My main pieces of advice are:
- Consider taking your own notes while studying. Writing things down helps the memorization process. Besides, it's possible that a topic that I know well and didn't think to include is one that you may not be so strong in.
- Print these notes out and carry them with you (along with your own notes) on the day of the exam. Go over them on breaks, in the car and, most importantly, immediately before walking into the exam room (leave them outside, of course). For the most part, I've designed them to be succint and memorizable.
- Bring a pen with you and, should you fail the exam, as soon as you leave the testing center, write down (on the back of the printout or paper that you brought with you) everything from the exam that you can remember, especially questions and answers that you weren't sure of. Spend a good 15-30 minutes. You won't recall much even a few hours later, unless you have a better memory than I do. It really, really helps if you made good use of the "Select for Review" checkboxes while taking the test, since it means that all of the questions and answers that you weren't sure of are the freshest things in your mind when you leave the testing center. Use everything that you wrote down as the basis for your re-take studying.
Exam Format
Format: Case study. Total of 6 case studies with answers in multiple-choice and drag-and-drop
Questions: 30
Time Limit: 150 minutes (+20 minutes for comments and reading the pre-exam disclaimers)
Passing score: 700
This exam is presented in case study format, a format that you should already be familiar with at this point. You will have 5 different businesses to work with, answering 4-10 questions each according to their business requirements.

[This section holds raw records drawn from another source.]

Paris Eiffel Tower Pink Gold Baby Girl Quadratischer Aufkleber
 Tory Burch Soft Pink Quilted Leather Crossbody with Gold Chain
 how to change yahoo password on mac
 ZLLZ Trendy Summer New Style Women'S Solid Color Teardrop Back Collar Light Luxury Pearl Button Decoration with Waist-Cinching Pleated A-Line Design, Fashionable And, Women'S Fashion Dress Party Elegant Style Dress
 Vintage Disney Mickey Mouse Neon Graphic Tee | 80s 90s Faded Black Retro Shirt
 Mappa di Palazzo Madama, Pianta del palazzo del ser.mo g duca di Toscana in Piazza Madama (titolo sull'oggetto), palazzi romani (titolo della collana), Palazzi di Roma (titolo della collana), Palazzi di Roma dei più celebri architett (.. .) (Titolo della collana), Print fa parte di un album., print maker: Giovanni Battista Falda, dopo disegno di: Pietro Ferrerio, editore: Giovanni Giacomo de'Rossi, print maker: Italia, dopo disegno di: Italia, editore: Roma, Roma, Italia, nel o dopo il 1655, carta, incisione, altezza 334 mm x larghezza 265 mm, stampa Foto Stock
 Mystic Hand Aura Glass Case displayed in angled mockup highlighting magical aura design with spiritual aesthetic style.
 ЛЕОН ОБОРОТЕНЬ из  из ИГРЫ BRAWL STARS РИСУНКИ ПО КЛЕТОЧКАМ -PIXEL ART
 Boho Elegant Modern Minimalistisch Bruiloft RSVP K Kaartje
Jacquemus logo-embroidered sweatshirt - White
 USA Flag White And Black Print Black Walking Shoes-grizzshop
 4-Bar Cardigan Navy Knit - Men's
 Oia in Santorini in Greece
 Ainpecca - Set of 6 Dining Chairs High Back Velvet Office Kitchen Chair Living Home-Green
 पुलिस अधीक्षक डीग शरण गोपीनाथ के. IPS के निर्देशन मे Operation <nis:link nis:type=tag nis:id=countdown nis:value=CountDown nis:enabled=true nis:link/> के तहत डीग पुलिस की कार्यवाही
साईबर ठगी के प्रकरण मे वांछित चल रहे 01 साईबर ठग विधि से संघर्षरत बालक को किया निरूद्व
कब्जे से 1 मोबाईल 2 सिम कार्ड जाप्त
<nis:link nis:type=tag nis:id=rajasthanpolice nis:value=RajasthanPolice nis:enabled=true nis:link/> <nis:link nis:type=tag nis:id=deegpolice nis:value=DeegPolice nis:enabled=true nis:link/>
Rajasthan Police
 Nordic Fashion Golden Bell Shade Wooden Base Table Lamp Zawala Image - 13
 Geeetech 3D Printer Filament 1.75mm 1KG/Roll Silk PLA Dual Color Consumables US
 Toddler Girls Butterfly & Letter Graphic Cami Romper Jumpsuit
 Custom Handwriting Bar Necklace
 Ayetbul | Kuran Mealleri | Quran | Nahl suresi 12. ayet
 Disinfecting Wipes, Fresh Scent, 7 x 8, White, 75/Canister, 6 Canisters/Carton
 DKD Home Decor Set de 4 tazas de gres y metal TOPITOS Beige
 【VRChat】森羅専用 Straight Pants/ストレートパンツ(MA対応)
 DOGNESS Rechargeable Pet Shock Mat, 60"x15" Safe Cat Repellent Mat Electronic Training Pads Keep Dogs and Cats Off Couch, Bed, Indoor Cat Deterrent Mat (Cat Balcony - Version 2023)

Though this format is a little extra challenging, don't let it scare you. It's really not that hard if you know what to expect and what to look for. Here are some tips:
- Don't read through the entire case study at the start. By this I mean don't spend a lot of time on it reading it carefully like it's a novel; it's too long to memorize. Some people find skimming through the case study helps them and others (like me) prefer to start immediately on the questions and reference the case study for each question. It's mostly a matter of personal preference, but just don't spend more than a couple minutes on the case study at the start or you may really handcuff yourself when it comes to time.
- Pay special note to what the question asks. Very often, the question will tell you exactly where in case study to find your answer. For example, it'll say "...that complies with the business requirements" or "...that addresses the concerns of the Chief Information Officer," telling you exactly where to look. Just keep in mind that, sometimes, you won't find the complete answer there.
- Skim through the Background and Existing Infrastructure sections of the case study, but don't waste too much time reading them. All of your questions will involve implementing new infrastructure and procedures. I usually don't check these sections until I can't find the answer elsewhere or if I suspect that the answer may hinge on the pre-existing infrastructure (such as legacy systems that can't be upgraded or the number of people in each office).
- The "meat" of most case studies is the Business Requirements section. This is the section that you'll be referencing the most. Also, if you're not sure where to look to find an answer, try there first. The Technical Requirements section is a close second.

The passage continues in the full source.